▸ **Supplied information**
::::::::
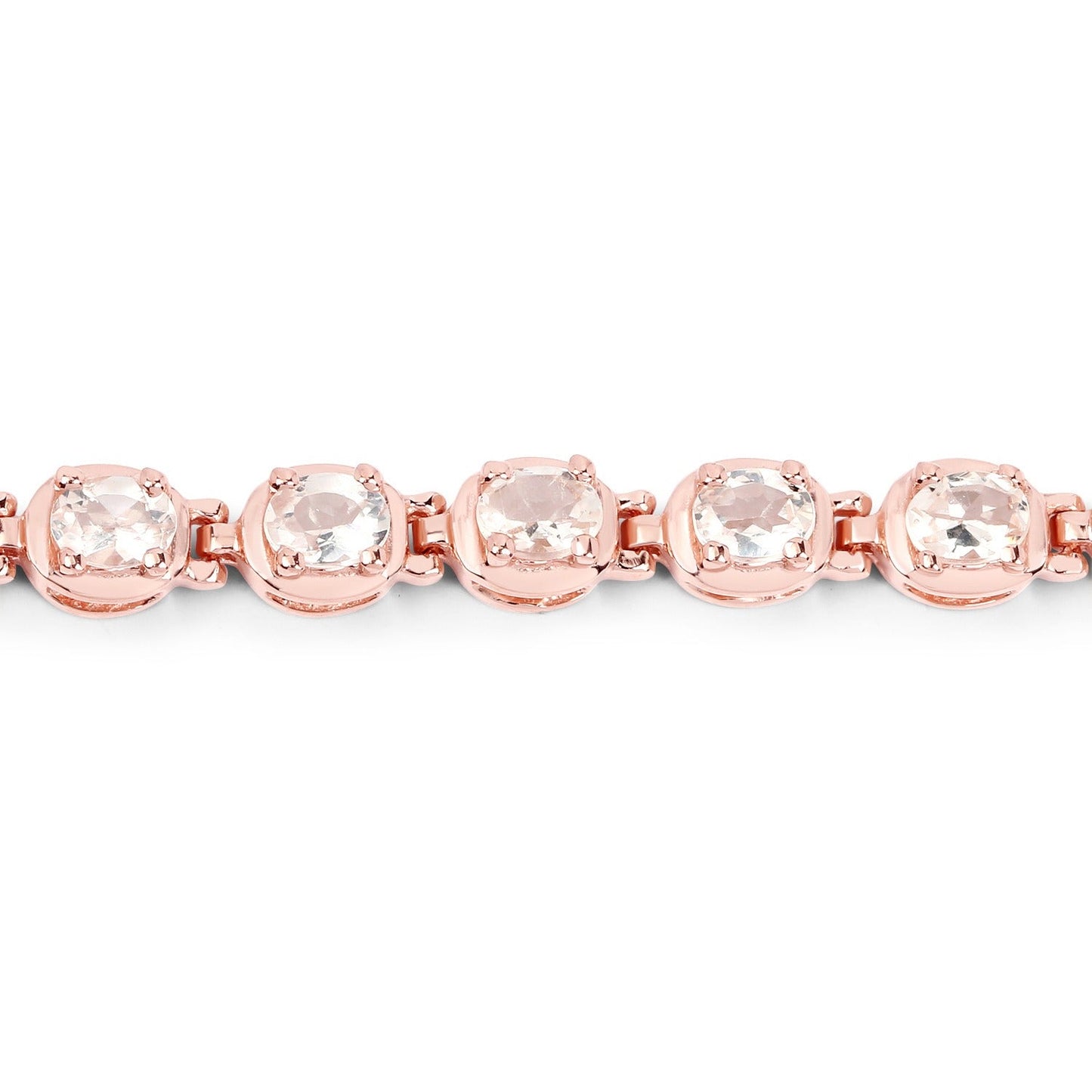 3.90 Ct Oval Pink Morganite Prong 14K Rose Gold Plated Silver Tennis Bracelet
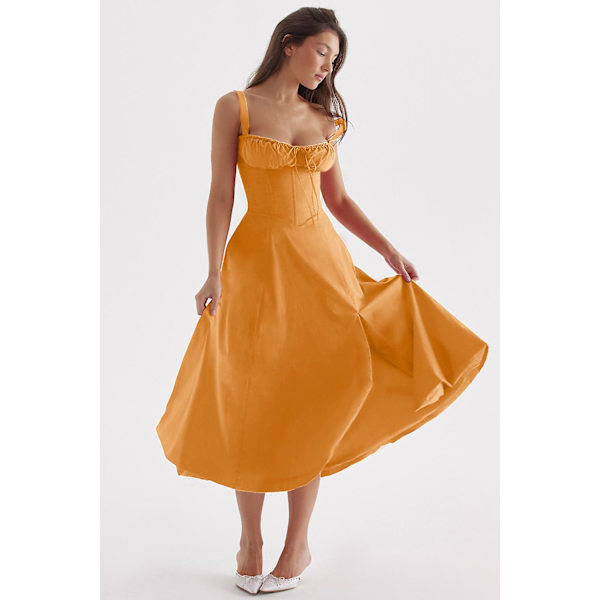 Blommönstrat print ärmlöst rynkad byst delat lår Boho midiklänning Carmen print bustier solklänning Orange Slip Dress Asia 2XL   EU XL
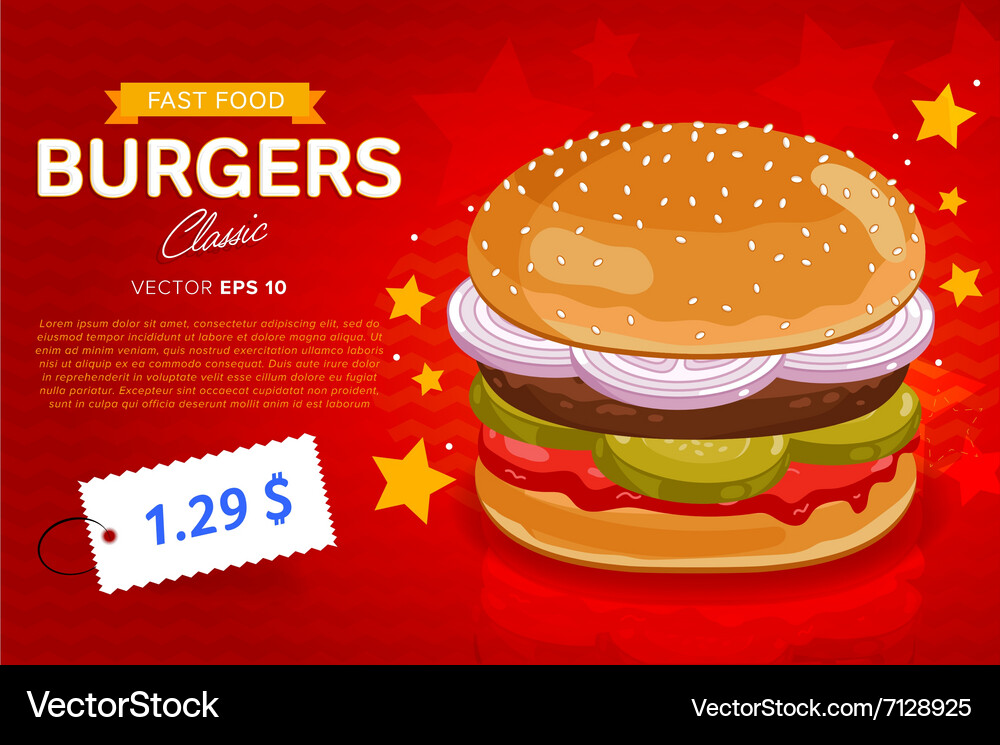 Burger Sale Banner Template Royalty Free Vector Image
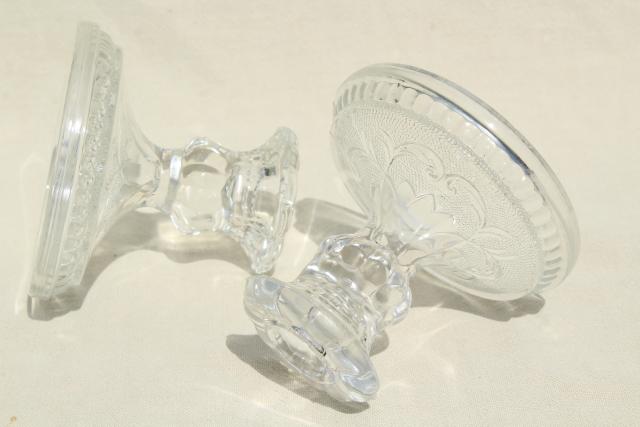 vintage Indiana glass candlesticks, crystal clear sandwich glass candle holders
::::::::
▸ **Instructions to follow**
Write the listing out exactly, word for word, but omit the pictures.

▸ **Problem solution**
 3.90 Ct Oval Pink Morganite Prong 14K Rose Gold Plated Silver Tennis Bracelet
 Blommönstrat print ärmlöst rynkad byst delat lår Boho midiklänning Carmen print bustier solklänning Orange Slip Dress Asia 2XL   EU XL
 Burger Sale Banner Template Royalty Free Vector Image
 vintage Indiana glass candlesticks, crystal clear sandwich glass candle holders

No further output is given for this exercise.